GOOD MORNING, BLOGTOWN! Well I ain't no new messiah—but I'm close enough for rock and roll. LET'S GO TO PRESS.
The House Republicans fucks everyone and themselves again last night, postponing a bullshit vote on their bullshit plan to raise the debt ceiling.
Obama urges the Senate to take the lead since the House Republicans are such incredible fuck ups.
Well, I suppose if the government needs a handout they can go to Apple—who just so happens to have more money than the U.S. treasury. Gulp.
Climate change debunkers get debunked!
Looks like San Francisco residents won't be voting on a circumcision band after all. PSSSTTHHHPPHT!! (That's a spit take.) Circumcision ban?!?
Hustler offers acquitted murderer Casey Anthony $500,000—and no, it's not so she'll kill herself.
Creepy Texas polygamist Warren Jeffs—accused of raping young girls in his compound—has decided to fire his lawyers and defend himself. The guys in your cell block aren't going to like you very much, Warren.

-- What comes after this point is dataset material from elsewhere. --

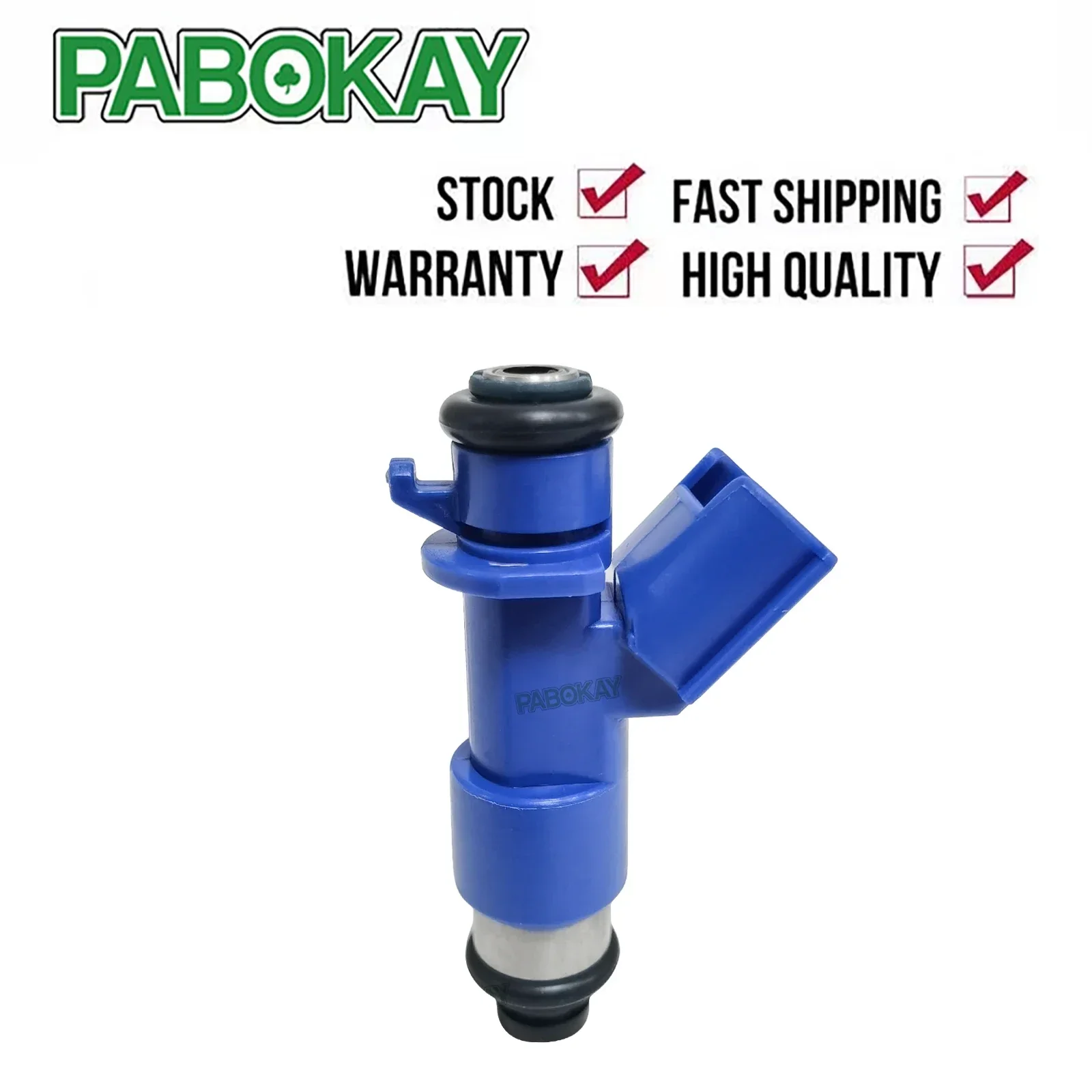 

Топливная форсунка для Honda Civic 1.6L 2.0L 1996-2005 Acura Integra 1.8L RSX 2.0L 1997-2006 16450-RWC-A01 16450RWCA01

In other creepy Texas news, an AWOL soldier is arrested for possessing bomb-making materials that authorities believe were going to be used to blow up Fort Hood. (Did I mention he also had some child pornography, too? Texans! Pssht.)
Creepy Texan George W. Bush says his deer-in-the-headlights reaction to first hearing the news of the 9/11 attacks were in actuality "a conscious decision to project an aura of calm in a crisis." OHHHH, SO THAT'S WHAT IT WAS.

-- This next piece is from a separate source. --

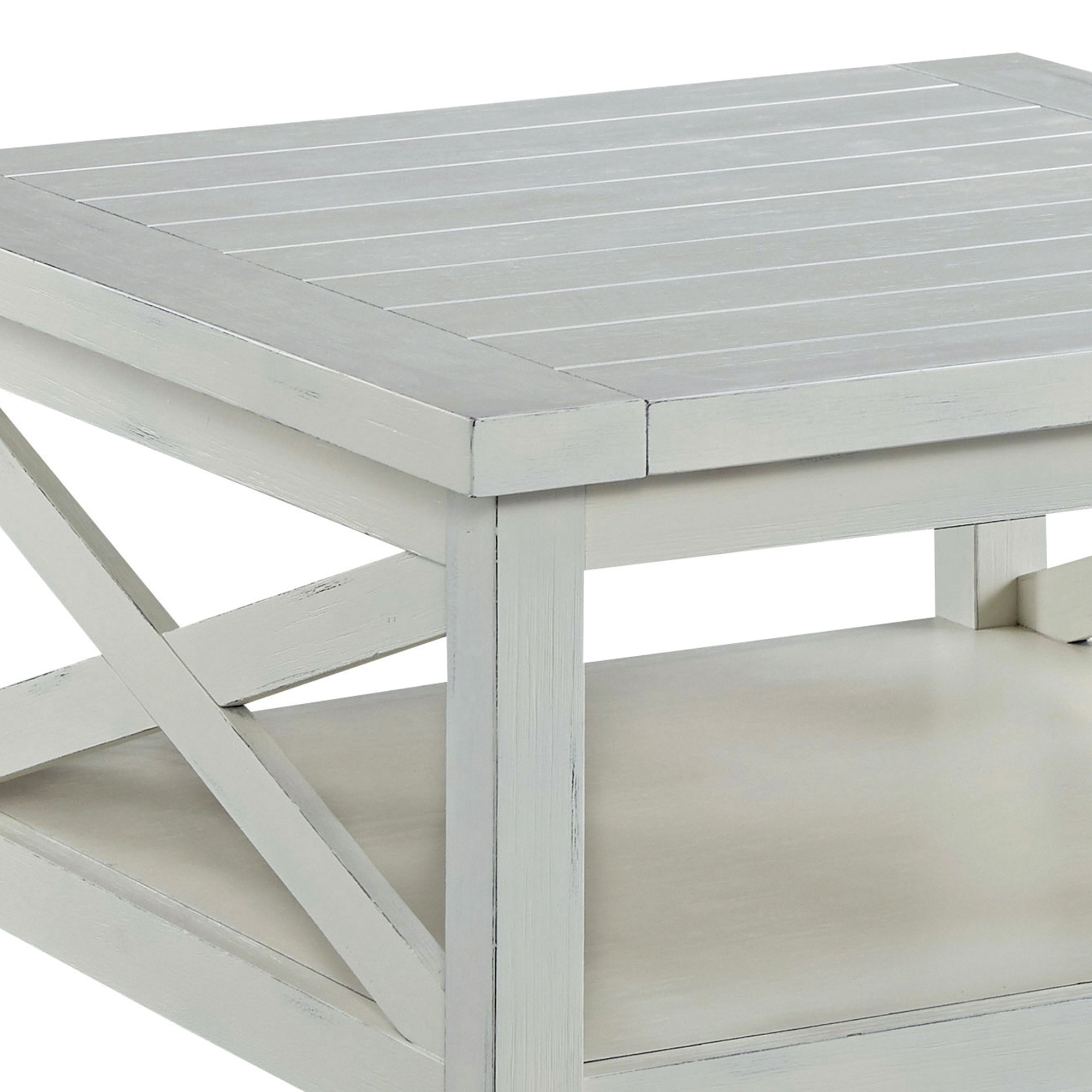 Seaside lodge deals console table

From the Sad Sports Desk: Former Yankee pitcher Hideki Arabu has been found dead, an apparent victim of suicide.
Amy Winehouse's family believe she died from not drinking enough. WHAT.
In Eugene, Oregon, Walmart customer Sandy McMillin was unceremoniously kicked out of the store for buying sour cream, chips and coffee creamer! Oh... and for wearing a bikini!